I want to start investing in specific ETFs but I cannot choose with my robo advisor

17 October 2022

Question by Naomi

I have recently opened a stocks and share ISA with a Robo advisor.

I am now wanting to start investing in specific ETFs but I cannot choose with the robo advisor.

Do I start with a GIA this year and then switch my ISA to one that I can actively manage in the new tax year? I will not be investing huge amounts into ETFs at this stage, so am unlikely to make any taxable profit, but I’m really keen to start getting the feel of it.

Thank you


Answered by

Hi Naomi,

Thank you for your question.

You are only able to open one ISA each tax year, so if you opened your existing Stocks and Shares ISA in the current 2022/23 tax year, you will need to wait until 6th April before you look to set up a new ISA. If you are really keen to start self-managing some investments you could look to set up a GIA this tax year which you would fund as an alternative. You have your capital gains allowance of £12,300 which can be used to offset any realised gains within the account however any other income (i.e. interest or dividends) may need to be declared and may be taxed.

On 6th April you could then establish a new self-managed ISA which you can transfer your existing ISA into (with no impact on your allowance for the year). You could also look to move the funds in your GIA into the ISA to ensure the funds benefit from the tax-efficient ISA structure however you will need to be mindful of your £20,000 ISA allowance.

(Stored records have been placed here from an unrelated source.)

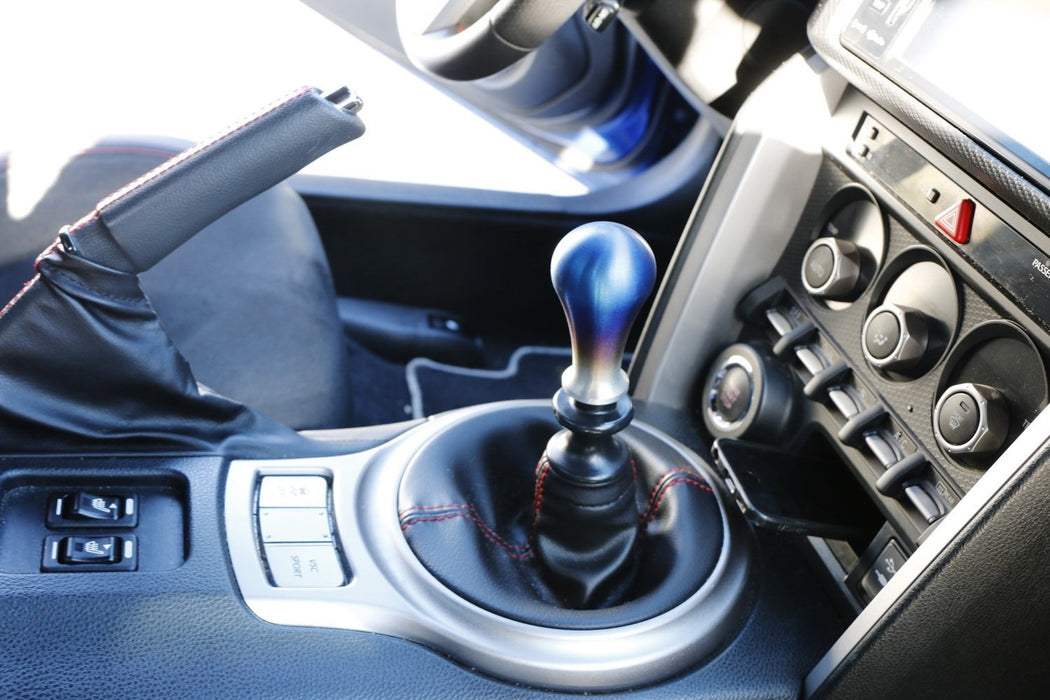 Jackspania Racing 1lb Teardrop Weighted Shift Knob – Burnt Titanium Finish, 10x1.5 Thread, Fits Honda Si RSX EK EG Civic EF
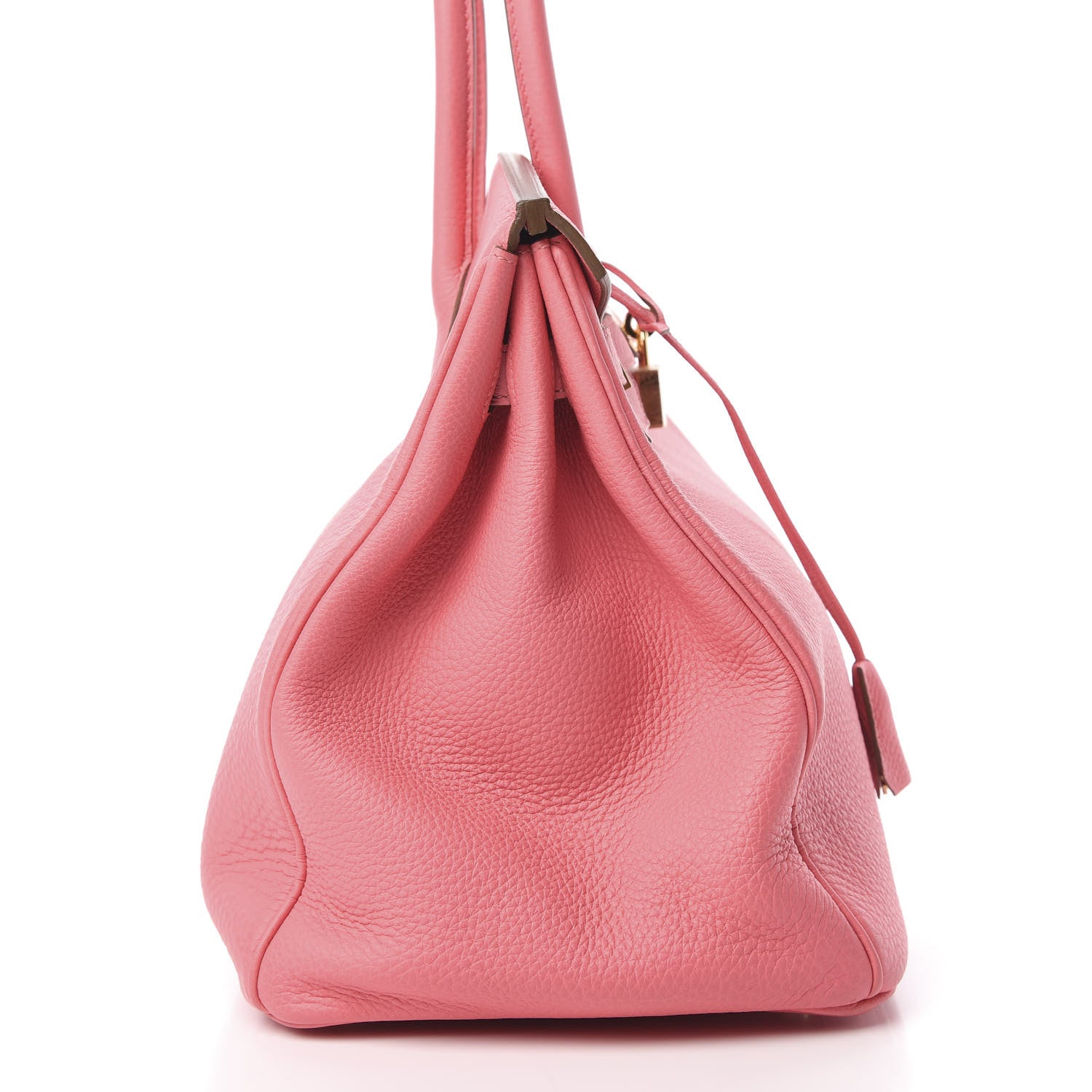 Hermes Togo Birkin 35 Rose Lipstick 15 of 16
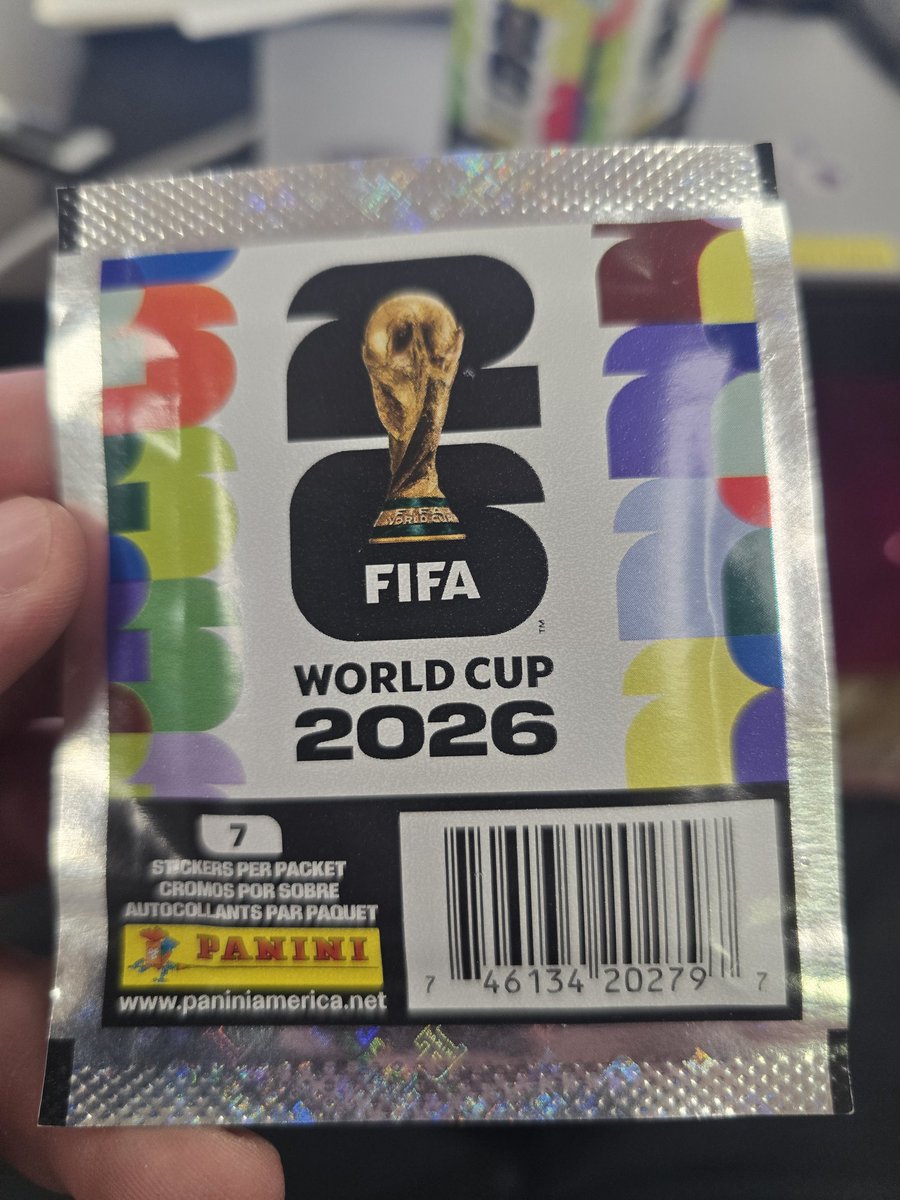 MikesStadiumSC's tweet photo. BACK IN STOCK!

We once again have 2026 #FIFA #worldcup #paniniamerica stickers!

Make It To Mike's for your stickers and @PaniniAmerica sticker albums while they last!

See you soon before we sell out again :) https://t.co/QLNLwBWrWw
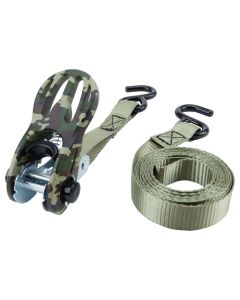 WLMW1860 image(0) - Wilmar Corp. / Performance Tool 2pk 1" x 10' Camo Tie Downs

When it comes to self management it is important you consider the amount of risk you are taking with your funds. We usually assess this by considering three key things:

  • Your attitude to risk which represents how comfortable you are seeing your investment go up and down in value.

  • Your capacity for loss which is how much risk you can afford to take. This will come down to timeframe and your objectives for the money.

  • Risk required which represents how much risk you need to take with the money to achieve your objectives.

Once you have determined your overall risk appetite, you can then establish a suitable asset allocation for your GIA and ISA money. Risk is managed by diversification, and it is important you understand how different assets can impact the risk you are exposed to, and the spread of assets which would be suitable to achieve your assessed attitude to risk. It is then crucial that you monitor and realign your investments on a regular basis (i.e. annually).

I would also encourage you to consider how these investments fit into your overall plan. The first step when considering your overall financial security is to make sure that you are retaining an emergency cash buffer. Whilst this money is not exciting or working particularly hard for you, it is there to provide you with protection and security. You may also want to consider the option of investing in a pension to build your longer term savings, however, this will depend on your employment status, age, and need to access capital.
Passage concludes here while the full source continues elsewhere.